La Conner history and heritage goes back thousands of years, the land on the delta near the mouth of the Skagit River has been home to the Swinomish Tribe. Since the early 1860’s it has also been home to La Conner, Skagit County’s oldest community.
Early settlers included many with names recognizable today such as Alexander Underwood, Michael Sullivan, Sam Calhoun and A.G. Tillinghast. In 1869, John Conner purchased the trading post, located on the west side of the Swinomish Slough and built by another early settler named John Hayes, and established a post office. In 1869, the town – plus 70 acres – was deeded to John Conner for $500. To honor his wife, Louisa A. Conner, the Town’s original name of Swinomish was changed in 1870 to La Conner.

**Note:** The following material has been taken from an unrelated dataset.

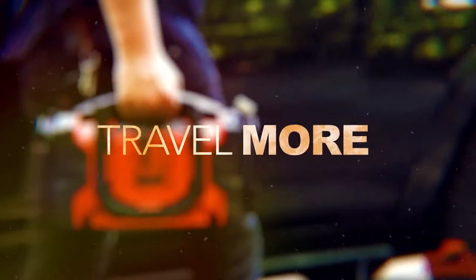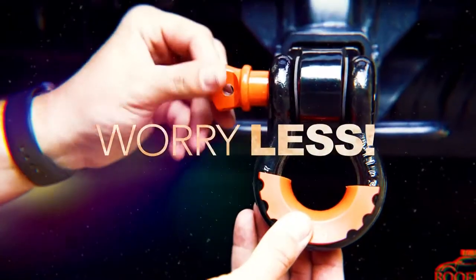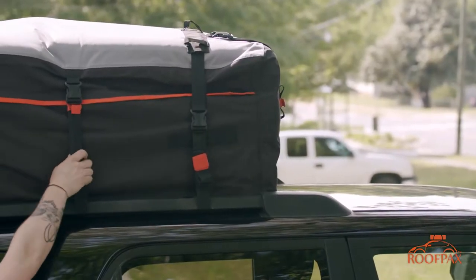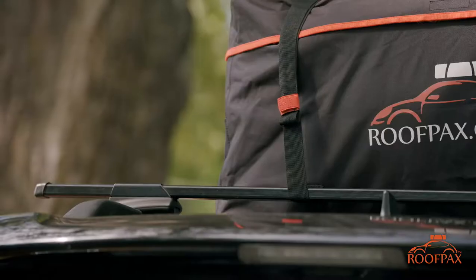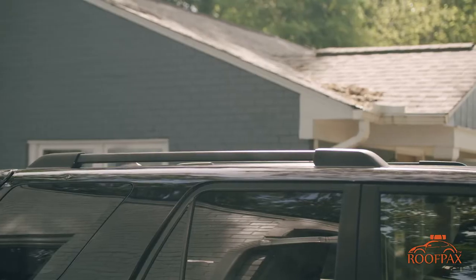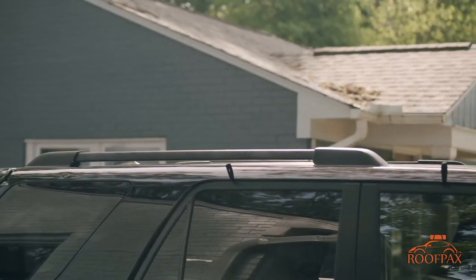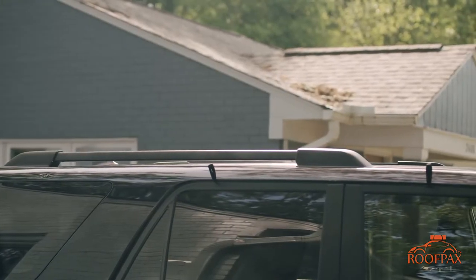Roof Packs here, and thanks for your interest in our products. Our car top cargo carrier has been engineered to fit almost any vehicle. The sturdy straps all around make it compatible with raised side rails, roof racks, crossbars, baskets, and if none of these are installed on your vehicle, you can always use our six included patented door hooks.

La Conner’s Civic Garden Club (still standing) was the first courthouse north of Seattle, and La Conner was briefly the county seat prior to moving the seat to Mount Vernon.
The early settlers diked hundreds of acres of land, creating farmland which would surpass per-acre yields around the globe. La Conner soon became a popular farm community and a hub for steamers carrying passengers and freight from Seattle. By the turn of the century, La Conner’s population had reached 1,000. La Conner was a thriving community due, in large measure, to its proximity to the water. Logging and fishing prospered until the depression.
Artists settled in the area in the 1940’s – renowned artists including Morris Graves, Guy Anderson, Richard Gilkey and Clayton James found the unique light and landscape an inspiration for much of their early work. Many of the leaders of the Northwest School of Art came from La Conner and the surrounding area. Through the years highly acclaimed artists have continued to call La Conner home and today La Conner is considered one of Washington State’s favorite communities for art lovers, and artists, alike.
In the 1970’s, La Conner became known as a ‘must-visit’ destination community and quickly thereafter was named one of the most romantic getaways in Washington State as well. Along with the tourists and weekend visitors, La Conner has become a haven for people seeking the peace and quiet of a charming and historic waterfront community.
Today you’ll find La Conner as picturesque as it was in the early days – many original buildings have been restored and now house retail shops, restaurants and museums. The town of La Conner and the Rainbow Bridge are listed on state and national historic registries; if you’re a history buff, La Conner’s Walking Tour of Historic Landmarks map is a great way to learn more about the early days of La Conner, as is a visit to the Skagit County Historical Museum.
For nearly 150 years, La Conner has had a special place in the hearts of its residents and visitors; we expect that it will continue to be one of Washington State’s most-loved historic communities for generations to come.